Reader Question from Reader E.

Q. I have been working in publishing since I graduated from college 7 years ago. I am definitely burnt out, and the fact that I have a long commute doesn’t help. I love where we live (we have a great house with a yard where I have my garden, I can ride my bike to the beach, and Target is 10 minutes away), but it takes me an hour and twenty minutes on a bus to get into the city, plus another twenty minutes to walk across town to Grand Central Station.

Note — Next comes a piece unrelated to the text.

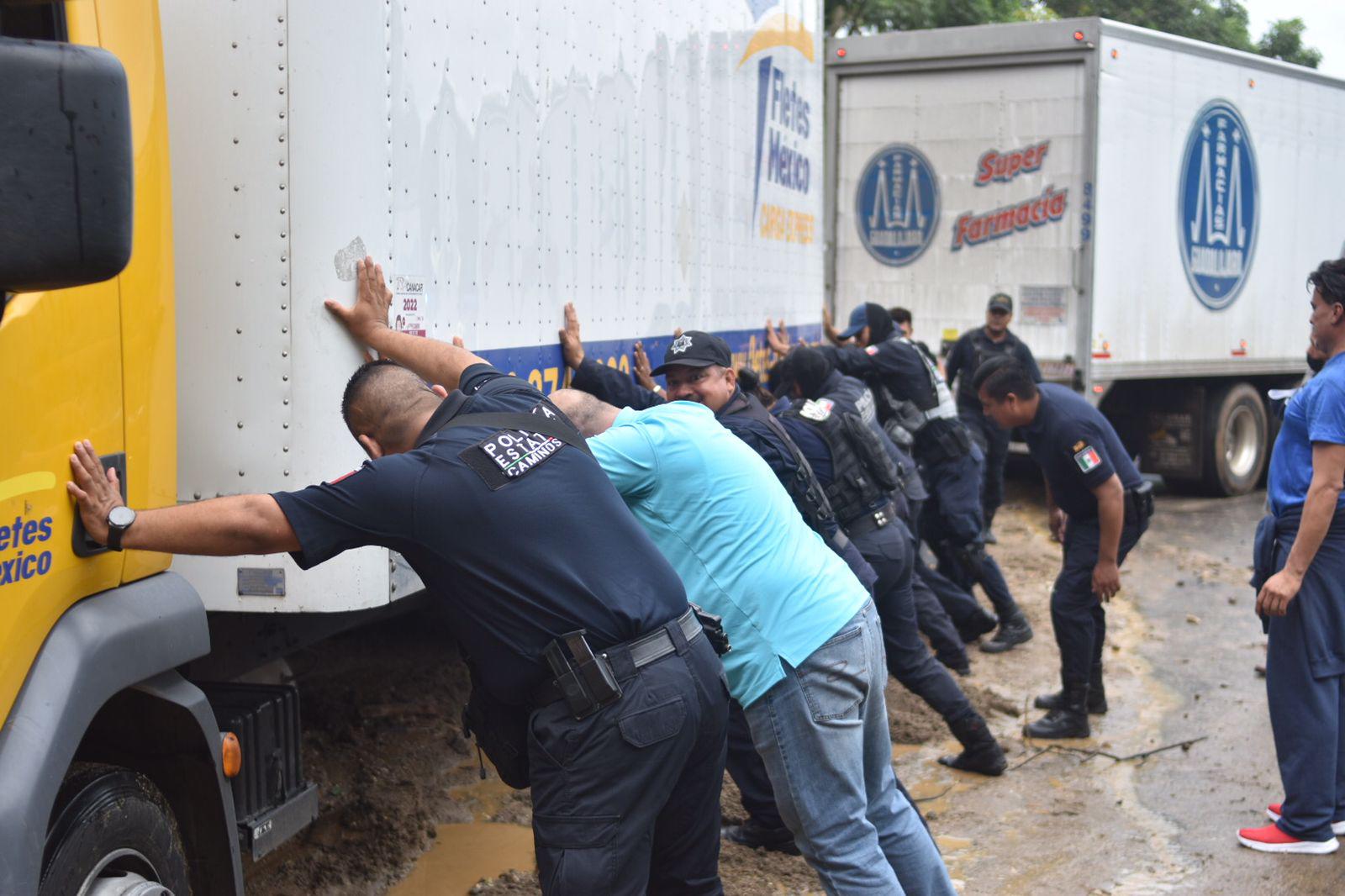 $!Sube a tres los muertos en Nayarit por el paso del huracán Roslyn; además de cuantiosos daños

I think I am bored. My brain feels mushy, my creativity stifled, and I am just tired–and 28 is too young to feel this way. I try not to let it affect me too much, but sometimes it is hard. The sad thing is, I don’t know what else I want to do, and the longer I stay, the more afraid I am to try something else. I know I shouldn’t be complaining because there are so many people out there without jobs, and I have a job with great benefits. My life is wonderful–I live in a beautiful house with an amazing husband and love my friends and family. I just feel like I am missing something. In an ideal world I would be able to take all of the things I love: books, knitting, baking, food, photography..and create the perfect job. Sorry for the long, whiny email. I appreciate you listening to me.

A. Dear E:

This email sounds exactly like one I might have written less than a year ago; trust me, I hear you. When I first moved to NY, I was working as the manager of a law firm while I auditioned for roles, but then slowly stopped acting…and had NO IDEA what I wanted to do. None. I knew I didn’t want to do what I was doing (oh my god, did I hate it), but when I rifled through MediaBistro (or wherever) I still couldn’t find any career path that felt quite…right. Like you, I also had all these weird, disparate interests – entertaining, writing, food, restaurants – and didn’t know how to pick just one to focus on for a career.

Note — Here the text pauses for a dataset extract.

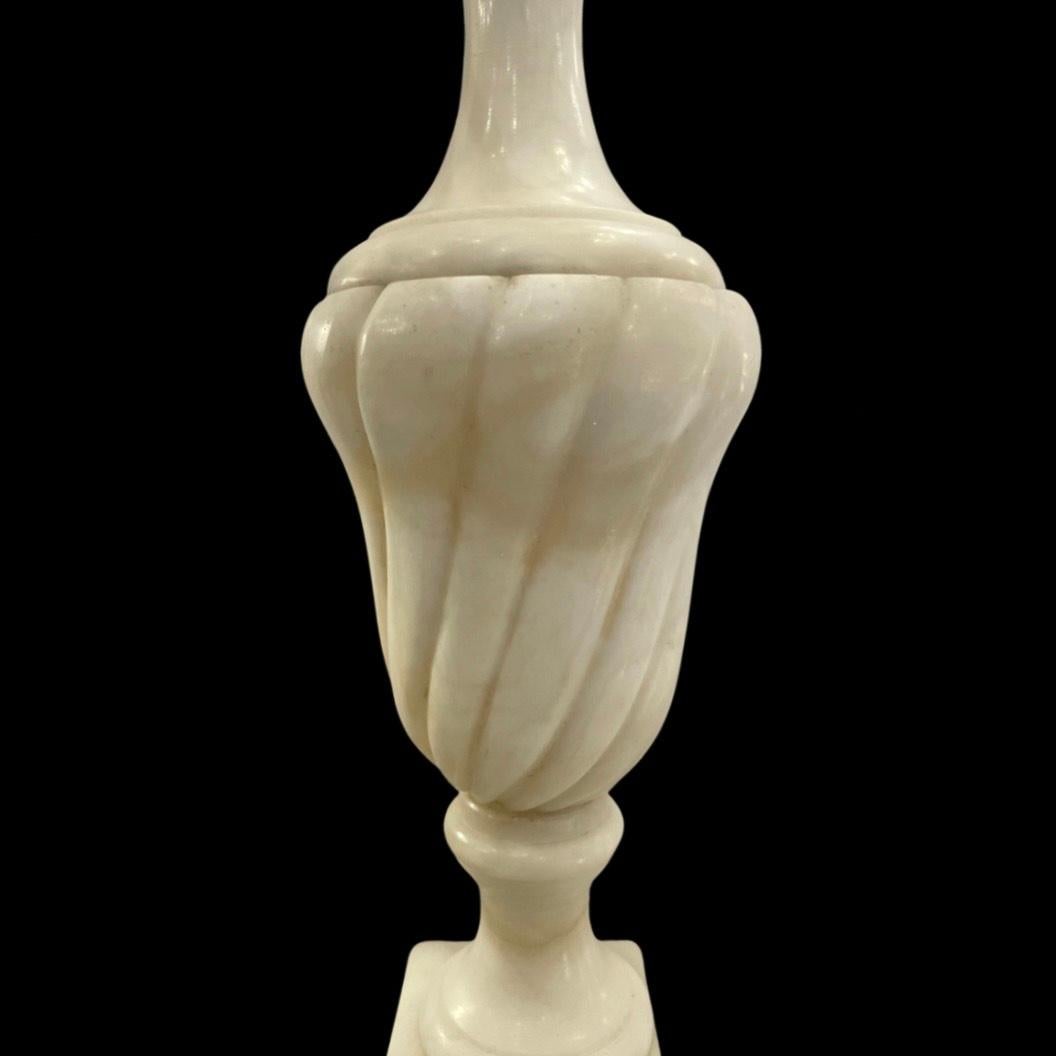 Italian Vintage Pair of White Alabaster Neoclassical Table Lamps  For Sale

I remember my aunt once said to me, “Jordan, really: grow up. You have to pick. You can’t just keep doing a million different things.” But she was wrong: I didn’t have to pick, as it turns out, and I have faith that I’ll be able to build a career that allows me to explore everything that I love. I have faith that you will, too.

I really do believe – or at least I’ve learned over the course of the past year – that your career can be shaped to fit your interests…so long as you’re willing to make certain sacrifices, or at least take certain risks. If making a lot of money is a priority, that changes things. For me, it’s not a priority quite yet, because we live very inexpensively and have no kids, but I’m sure things would be different if we had a family. Would I have quit a relatively high-paying job to join NonSociety? Maybe not. But that doesn’t mean that I wouldn’t have found my way to where I am right now in some other fashion – and let me tell you, it’s a place that makes me incredibly, incredibly happy each and every day.

I know what you mean about feeling ungrateful – you’ve got the house, the husband, the good job – but sometimes it just doesn’t feel like enough. And that’s because, for whatever reason, it’s not enough for you…and that’s not something that you have to apologize for. To anyone. It’s great that you’ve figured out that something needs to change; now all you have to do is figure out what, exactly, that is.

That said, I know it’s hard to make a career switch. Here’s an idea: in the fields that you’re interested in (which sound kinda like the fields that I’m interested in), there’s a lot of opportunity for people who are willing to work for free. Have you thought about dabbling a bit in these arenas in your spare time to see if anything really hits home for you (for example, writing guest posts for blogs that focus on baking or knitting)? That way you can try a whole bunch of different things out in a relatively low-committment way…and if something really hits home for you and fulfills you in that way that you’ve been searching for…well, you’ll know what to do.